Whew! What a racket, right? While the above thoughts were about mundane tasks, what if I examined my self-worth, body image, marriage, career or role as a mother/daugther with the same scrunity? I’ll let you in on a secret, I do. If I do not catch myself, I can go into a spiral about how I need to “be more, strive for more, accomplish more and contribute more.” Here’s the scary part, my mind is happy to assess this list of “mores” while also reminding me how to be “less.” For example, “I should weigh less, I should not be too outspoken, I should not impose on others etc.” Thankfully for me, I do the work I do. I spend much of my time being aware of my mind and body and helping others do the same.

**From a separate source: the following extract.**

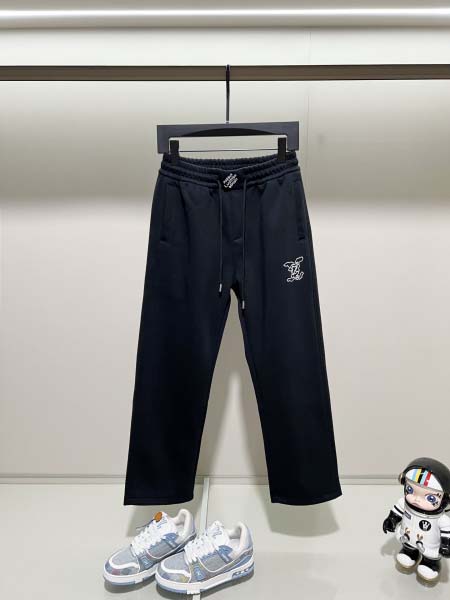 2025年10月12日秋冬入荷新作Louis Vuitton...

Doing this work can ground my busy mind.
An author that I greatly admire, Brene Brown, writes that thoughts like these are steeped in “scarcity.” As she says, scarcity is the game of “not enough.” Ultimately scarcity is fear and shame based.
She writes,
“I can see exactly how and why more people are wrestling with how to believe they are enough. I see the cultural messaging everywhere that says that an ordinary life is a meaningless life. And I see how kids that grow up on a steady diet of reality television, celebrity culture and unsupervised social media can absorb this message and develop a completely skewed sense of the world.”

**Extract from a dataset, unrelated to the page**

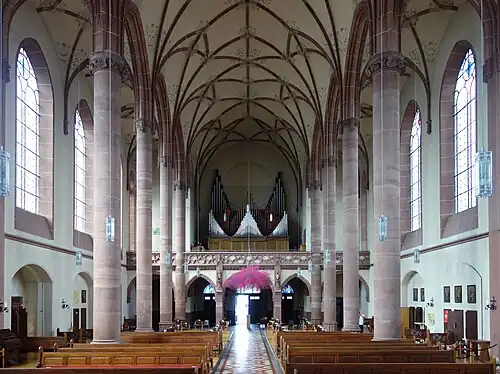 Blick auf die Orgel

So knowing what I do about our culture and my own mind, I often purposely choose to live a life of “enough.” I am currently wrestling with accepting that I may lead a “completely ordinary life.” I may not change the world. I might not ever write that book, or do that speaking tour. Or maybe I will and I will reset the goal-post. Either way, it all about how I approach this belief that I need to “do” to “be enough.” I know better than to believe this sentiment. So when I wake up and my mind is swimming in “not enough”, I find one thing in that moment that is okay just the way it is. I admire it and smile at it for a moment, and then I move into my day. I befriend my fear and my discomfort. I welcome them to join me throughout my day. I soften. I remember that my mind is just a part of my whole being and it is flawed too. Once I do this, I remember that my fear is here to guide me away from danger and toward joy. That’s what I believe fear really wants…what’s best for me. Whenever I forget to do this practice and I believe my fear, I’m depleted. Scarcity sucks joy.

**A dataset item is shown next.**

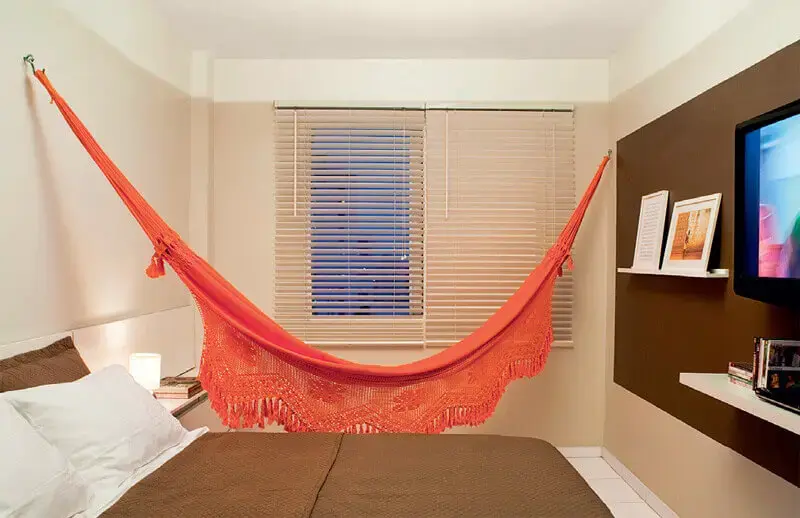 decoração de quarto de casal com rede de descanso laranja Foto Guia para Decorar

So I choose to question my culture and my own mind when it presents me with the message that I “don’t measure up.” I’m okay if I don’t fit a standard, as long as I accept my life as is. I want to continue to practice to show up as “just enough” in my life as a woman, a wife, a mother, a daughter, a professional etc. Just enough.
I invite you to find your own way to have compassion for your mind as it struggles to make your life meaningful, especially when it uses fear and lack of acceptance as the method. Your mind is most likely doing the best it can to help you.